Editor’s Note: The edited version of this article previously stated that “representatives and the Speaker did not have enough knowledge of their own procedures to know that the President and Vice President were allowed to speak.” This is incorrect and the consensus has been amended in this updated version.
A recent meeting of SGA’s Undergraduate House of Representatives (UHR) was brought to a head when Speaker of the House Darryl Terry, II ordered the removal of the Undergraduate SGA President and Vice President from the room. This event was precipitated by a growing schism between the executive branch of SGA and the Speaker, who is technically a member of the executive cabinet.
The removal came as Evan Gillon and Ayodeji Aladesanmi, SGA President and Vice President, respectively, sought to comment on a matter being discussed during UHR. Although the executive duo traditionally do not speak during UHR, this occasion called for them to make their voices heard. Although the executive duo are traditionally permitted to speak before the House, Terry was within his rights to deny them time on the floor. The fact that several representatives attempted to yield their time to Gillon and Aladesanmi, however, makes the situation a bit more peculiar.

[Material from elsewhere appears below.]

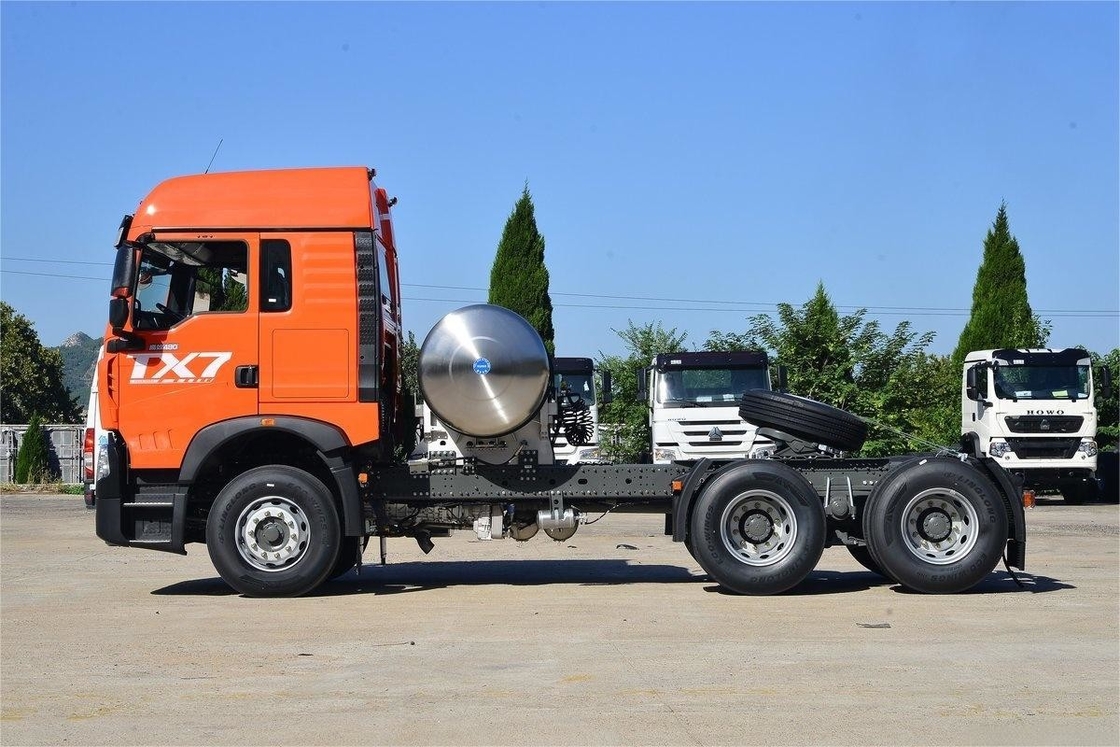 480HP HOWO Tractor National VI Emission Standard Deflector Rear Double Axle LNG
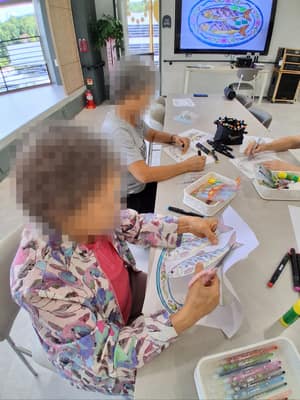 10월 1일 오전 물고기 그림 꾸미기 사진, 얼굴 비식별 처리됨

In an actual legislative body, comprised entirely of members with a strong knowledge of the laws, this would be understandable. In a student government meeting, where the President and Vice President have a much more thorough understanding of the bylaws than many of the students making up the House, denying them the right to speak borders on irresponsible.
Furthermore, this sort of drama has no place in a gathering of student leaders and undergraduate representatives. If the rift between the Speaker and the executive branch interferes with the internal operation of SGA, it is working to the detriment of the student body. Students come to UHR to either advocate for their organization or carry out their duties as a representative. At the end of the day, these are all Tech students that have made a commitment to campus and their respective organizations. Playing political games simply wastes everyone’s time.

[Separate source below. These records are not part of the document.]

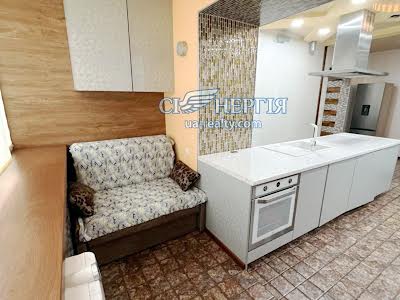 квартира за адресою Вишняківська вул., 9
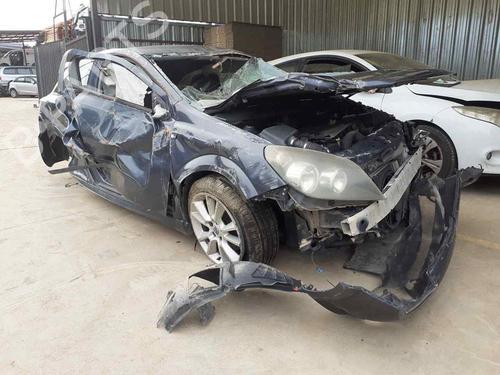 Throttle body OPEL ASTRA H GTC (A04) | BP31371739M82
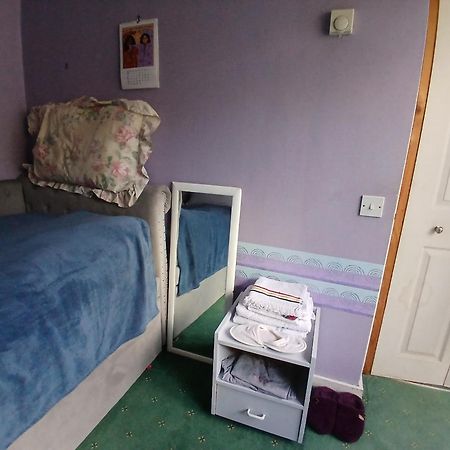Cosy Single Room Only For Ladies In Tower Bridge London Ngoại thất bức ảnh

Effective internal communication is crucial for the success of SGA. If individual parties decide to act of their own accord and at the expense of their peers, their actions are tantamount to shirking their obligation to the student body.
A separation between the Speaker and the executive branch is not inherently bad. The obstinate manner in which Terry is approaching the matter, however, directly interferes with the smooth operation of UHR. If Terry had not eschewed the traditional practice of sitting in on executive cabinet meetings, Gillon and Aladesanmi may not have even felt the need to speak on the House floor. A Speaker serves a conduit of information from the executive branch to UHR. If he refuses to act in this capacity, he should at least let them speak.